Quinta-feira, 18 Abril

«Je Suis À Toi» (All Yours) por André Gonçalves

Uma das falhas mais graves de todas as edições do festival de cinema mais antigo de Lisboa para mim foi não ter conseguido comprar o brilhante Hors Les Murs, brilhante primeiro filme de David Lambert, e seguramente um dos meus filmes favoritos dos últimos anos. 

À segunda foi de vez, e é bom testemunhar o caminhar seguro de um cineasta claramente sem fronteiras neste Je Suis À Toi.
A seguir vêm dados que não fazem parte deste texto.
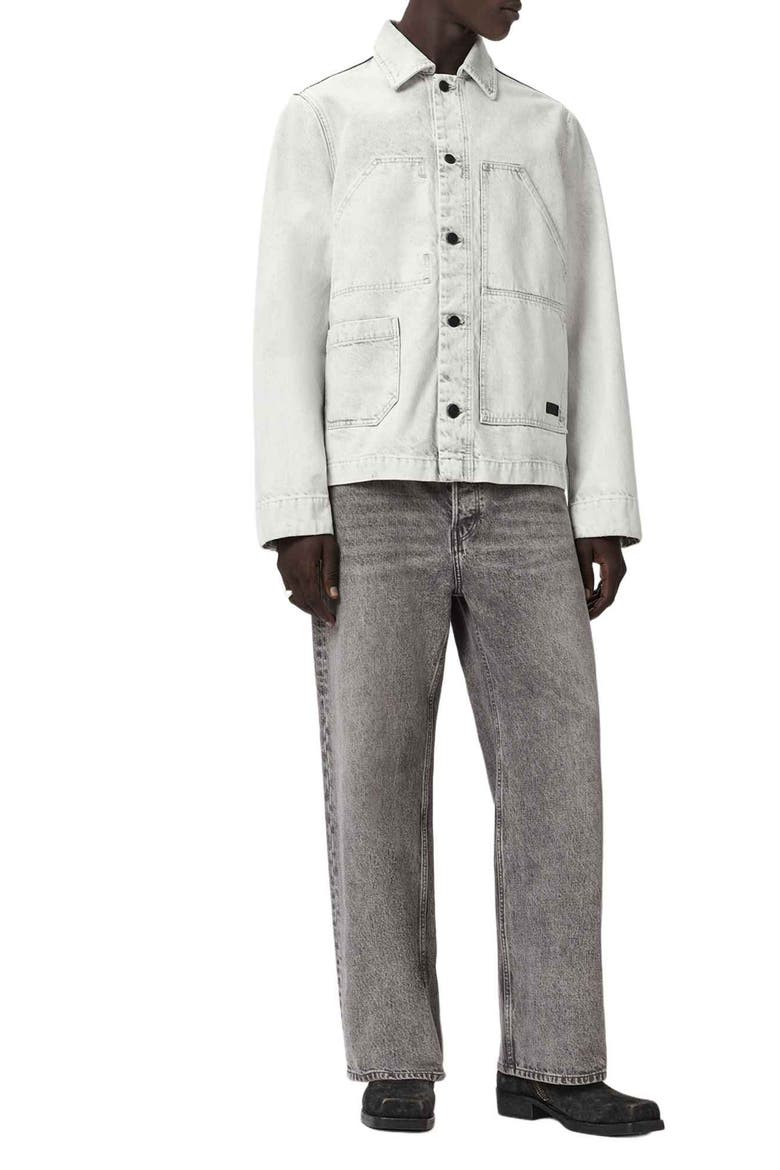 Denim Shacket, Alternate, color, BLEACHED GREY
Sem fronteiras de géneros cinematográficos e géneros sexuais, e já com a confiança e maturidade suficientes para tirar não um, mas dois coelhos da cartola – como se pode assistir nesta história de um argentino (um memorável Nahuel Pérez Biscayart) que se vende na webcam e consegue ter uma viagem e estadia pagas por um padeiro belga rechunchudo (um também excelente Jean-Michel Balthazar), que em troca exige o que um homem na sua situação pode exigir: amor e afeto. Mas esta é apenas a primeira parte da história, e o título da obra só será justificado mais adiante…   
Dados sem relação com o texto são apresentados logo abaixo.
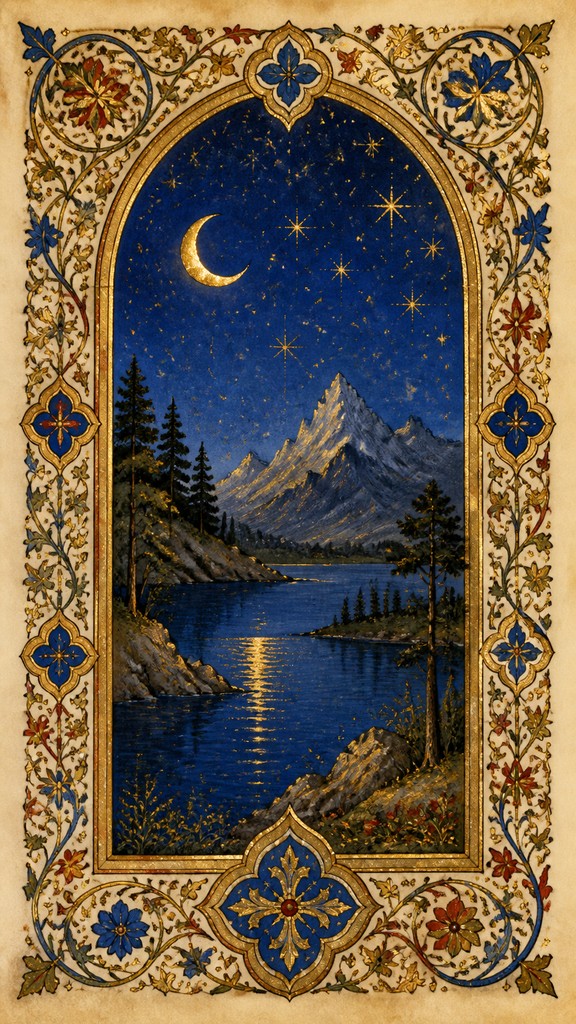 a tranquil mountain lake beneath a starry night sky, no people, no text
Gerindo 2 ou 3 subfilmes com as mesmas personagens, à imagem do que já tinha acontecido com Hors Les Murs (potencial marca de autor aqui?), Lambert não perde ainda assim o foco do que pretende contar, e das personagens que escreveu e que segue agora tão bem com a sua câmara. Estes dois primeiros filmes são bem narrativos, sobretudo para o certame em questão, mas a história aqui segue puramente a vontade das personagens, e não o contrário. Há uma recusa aqui da heteronormatividade, mas também da homonormatividade das histórias clássicas LGBT: pesca “lugares comuns” de ambos os campos, baralha-os e lança-os em novas situações. Lambert é altamente bem sucedido nesta originalidade pós-moderna – sem necessidade de recorrer a artifícios artísticos explicados em notas de produção, mas sim readaptando moldes clássicos e transformando em novos paradigmas.   

Se um terceiro ato – o segundo coelho tirado da cartola – parecerá forçado para alguns, é executado com um controlo total que dá prazer ver, com uma fé cega nas personagens, e com um tratamento temático de uma subtileza de meter inveja a um outro filme em competição a lidar precisamente com o mesmo tema ao longo da sua interminável hora e meia… 

Um autêntico filme à margem de tudo o resto, que confirma de uma vez por todas uma das vozes mais originais nascidas em solo LGBT – para mim, a mais marcante desde o argentino Marco Berger (Plan B, Ausente).